McCarthy's work in karate history has appeared in academic scholarship on the martial arts. He is described an expert in the anthropology of martial arts in a 2021 study of formality and spontaneity in the fighting arts. That same study also refers to McCarthy as a proponent of the HAPV: Habitual Acts and Physical Violence Theory.

==Honors and legacy==
In 1994, at Kinjo's recommendation, McCarthy became the first Westerner to receive the Kyoshi 7th Dan (rank) Teaching License from the Dai Nippon Butoku Kai in Kyoto. He went on to be awarded the Hanshi Teaching License from the World Kobudo Federation (2004), Shihan license 8th and 9th Dan from Kinjo (2005, 2011), induction into the Canadian Black Belt Hall of Fame (2012), 10th Dan from the American Teachers Association of the Martial Arts and the World Okinawan Shorin-Ryu Karate & Kobudo Association (2023), Hanshi 10th Dan from the Kenshikai (2023), and Hanshi 10th Dan from the Ryukyu Dento Kobujutsu Hozon Budo Kyokai in Okinawa (2026).

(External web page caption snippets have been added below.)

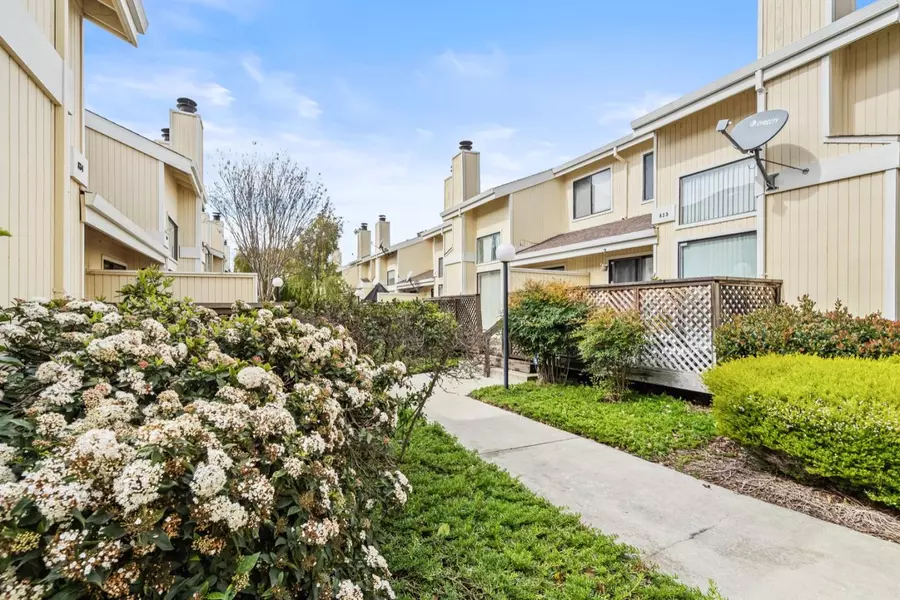 25011 Discoverer PL, Hayward, CA 94544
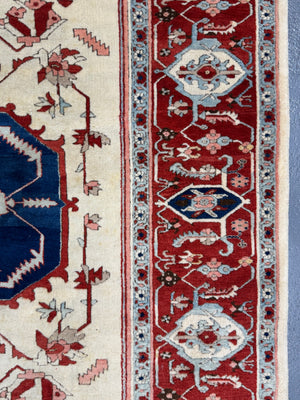 High quality Serapi type Turkish carpet (352 x 270cm)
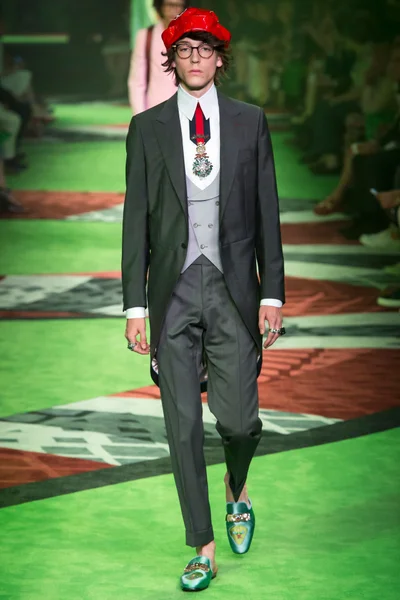 Look 48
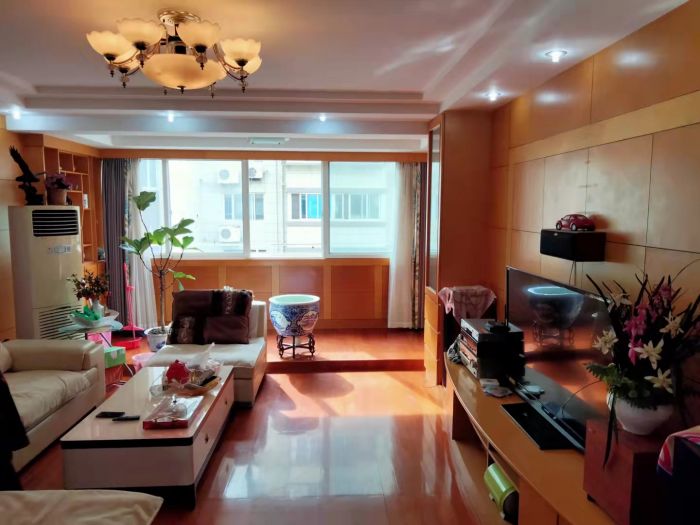 光明东村 4室2厅2卫 143.9m&sup2;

When inducting McCarthy in 2012, the Canadian Black Belt Hall of Fame stated, “McCarthy's groundbreaking efforts helped launch the kata-bunkai trend during the 1980s, making him one of the most sought after instructors around the world.” His eclectic training and knowledge, and unique style of teaching resulted in dozens of articles by and features of him in numerous martial arts magazines. His Koryu Uchinadi philosophy and methods have been taught in seminars around the world, and have been adopted by dojos and are now practiced by thousands of martial artists in Australia, Japan, North America, Europe, Africa and Brazil.

The Canadian Black Belt Hall of Fame also named McCarthy as recipient of the Masami Tsuruoka Life Time Achievement Award in 2026.

==Publications==

1. Classical Kata of Okinawan Karate. (1987). Black Belt Communications. ISBN 978-0-89750-113-2.
2. Bubishi: The Bible of Karate. (1995). Tuttle. ISBN 0804820155.
3. Ancient Okinawan Martial Arts: Koryū Uchinādi, Volume 1. (1999). Tuttle. ISBN 978-0-8048-2093-6.
4. Legend of the Fist. (2018). ISBN 978-1-9850-0676-8.
5. Tales of Okinawa's Great Masters. (2000). By Nagamine Shōshin; translated by Patrick McCarthy. Tuttle. ISBN 978-0-8048-2089-9.
6. Bubishi: La Bibbia del Karate. (2000). Italian translation by Pasquale Faccia. Edizioni Mediterranee. ISBN 978-88-272-1350-6.
7. Bubishi: La Biblia del Karate. (2001). Spanish translation by Joaquín Tolsá Torrenova. Ediciones Tutor. ISBN 978-84-7902-307-2.
8. Bubishi: Bible Karate. (2005). Czech and Slovak translation by Igor Vakoš and R. F. Hrabal. CAD Press. ISBN 80-88969-26-3.
9. Bubishi. (2009). Greek translation by Grigoris Miliaresis. Alcimachon. ISBN 978-960-6623-56-1.
10. Ancient Okinawan Martial Arts Vol. 1. (2001). Russian Translation by A. Kurchakova (А. Курчакова). Феникс (Phoenix), Rostov-on-Don, Russia. ISBN 5-222-01612-9.
11. Ancient Okinawan Martial Arts: Koryū Uchinādi, Volume 2. (2002). Tuttle. ISBN 978-0-8048-3147-5.
12. Legend of the Fist. (2018). ISBN 978-1-9850-0676-8.
13. Bubishi. (2022). Italian translation by Marzio Petrolo. Newton Compton Editori. ISBN 978-88-227-6608-3.
14. Kensei, Kyan Chōtoku: The Man and his Art. (2023). ISBN 978-1-9804-4331-5.
15. Funakoshi Gichin, Tanpenshu: A Collection of Short Stories. (2024). ISBN 978-1-7231-8630-1.
16. Motobu Chōki, Karate: My Art. (2024). ISBN 979-8-3041-1776-0.
17. Ryūkyū Kobudō Modern Pioneer: Taira Shinken. (2025). ISBN 979-8-2771-6658-1.